[Image-caption web data]
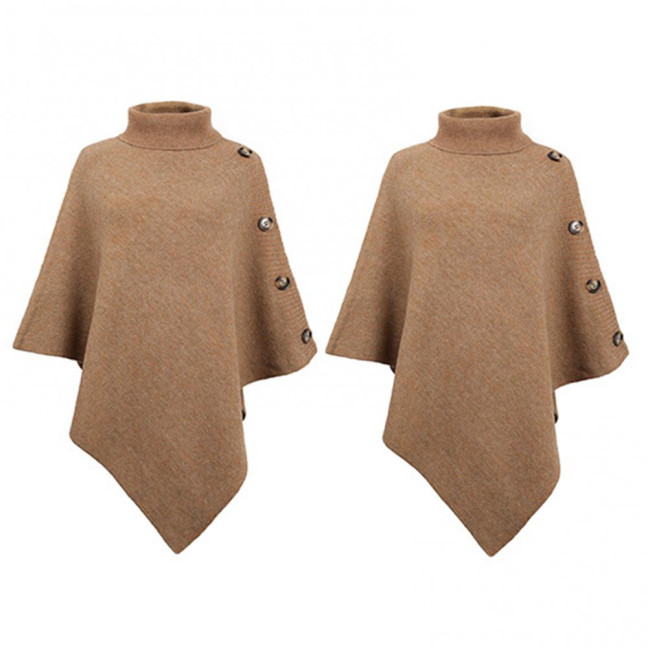 Women Sweater Tops High Collar Solid Color Cape Style Sweater Coat Button Decoration Loose Fit Casual Commuting Knitting Top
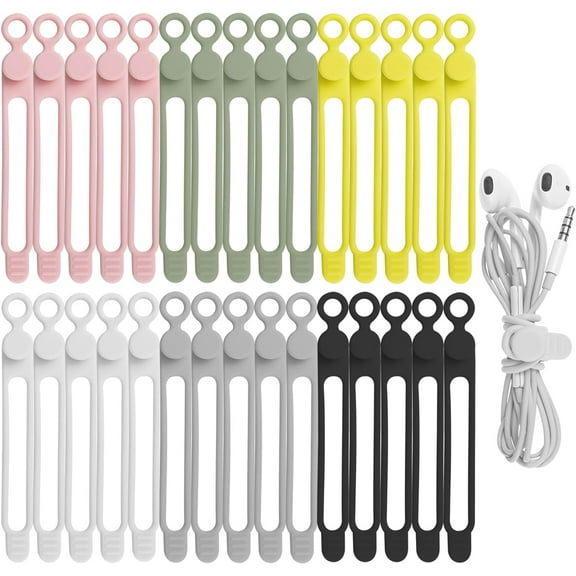 30Pcs Silicone Cable Ties for Bundling Earphone, Phone Charger, Computer Cords, Reusable Cord Organizer Cable Management in Home,Office,Kitchen,School (6 Colors)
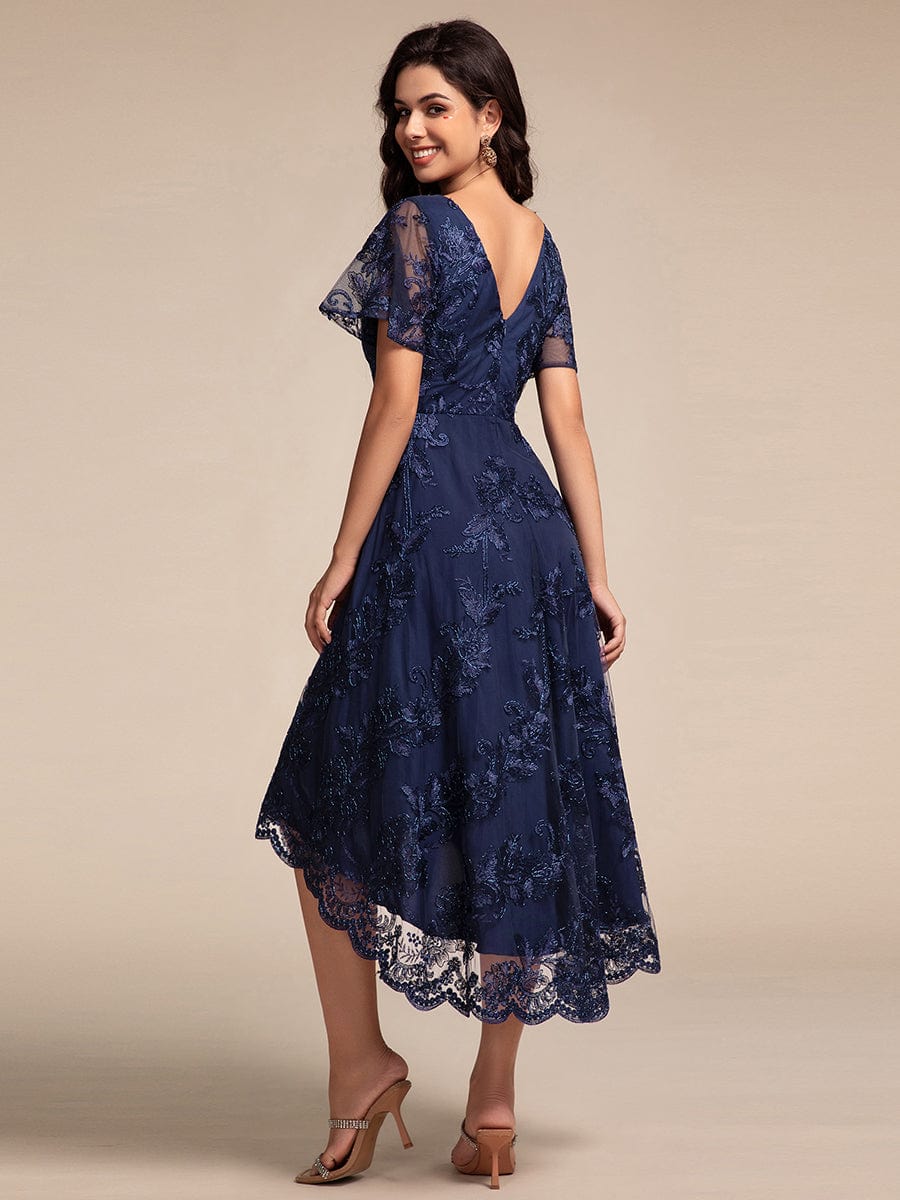 Embroidered Mesh High-Low Midi Wedding Guest Dress with Short Sleeves #color_Navy Blue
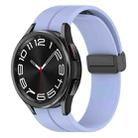 For Samsung Galaxy Watch6 / Watch6 Classic xDfind Fold Magnetic Black Buckle Silicone Watch Band(Light Purple) - 1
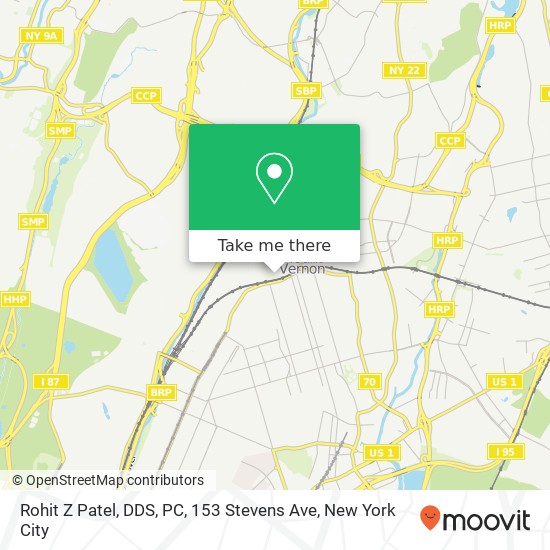 Mapa de Rohit Z Patel, DDS, PC, 153 Stevens Ave
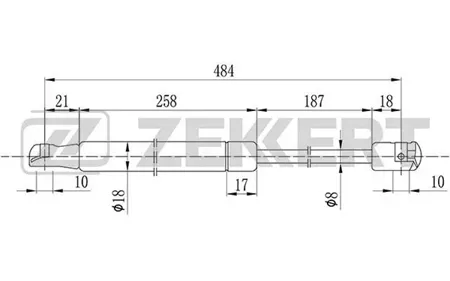 ZEKKERT GF1602 Амортизатор крышки багажника Hyundai Elantra III 00-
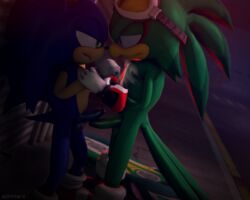 2017 3d 5:4 anthro averyhyena avian balls bird clothed clothing duo erection hawk hedgehog hi_res interspecies jet_the_hawk male mammal nude outside partially_clothed penis sex sonic_(series) sonic_riders sonic_the_hedgehog source_filmmaker teasing video_games yaoi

#### PROMPT:
Without the images, write out each line of the data verbatim.

#### ANSWER TO THE EXERCISE:
 Women Sweater Tops High Collar Solid Color Cape Style Sweater Coat Button Decoration Loose Fit Casual Commuting Knitting Top
 30Pcs Silicone Cable Ties for Bundling Earphone, Phone Charger, Computer Cords, Reusable Cord Organizer Cable Management in Home,Office,Kitchen,School (6 Colors)
 Embroidered Mesh High-Low Midi Wedding Guest Dress with Short Sleeves #color_Navy Blue
 For Samsung Galaxy Watch6 / Watch6 Classic xDfind Fold Magnetic Black Buckle Silicone Watch Band(Light Purple) - 1
 Mapa de Rohit Z Patel, DDS, PC, 153 Stevens Ave
 ZEKKERT GF1602 Амортизатор крышки багажника Hyundai Elantra III 00-
 2017 3d 5:4 anthro averyhyena avian balls bird clothed clothing duo erection hawk hedgehog hi_res interspecies jet_the_hawk male mammal nude outside partially_clothed penis sex sonic_(series) sonic_riders sonic_the_hedgehog source_filmmaker teasing video_games yaoi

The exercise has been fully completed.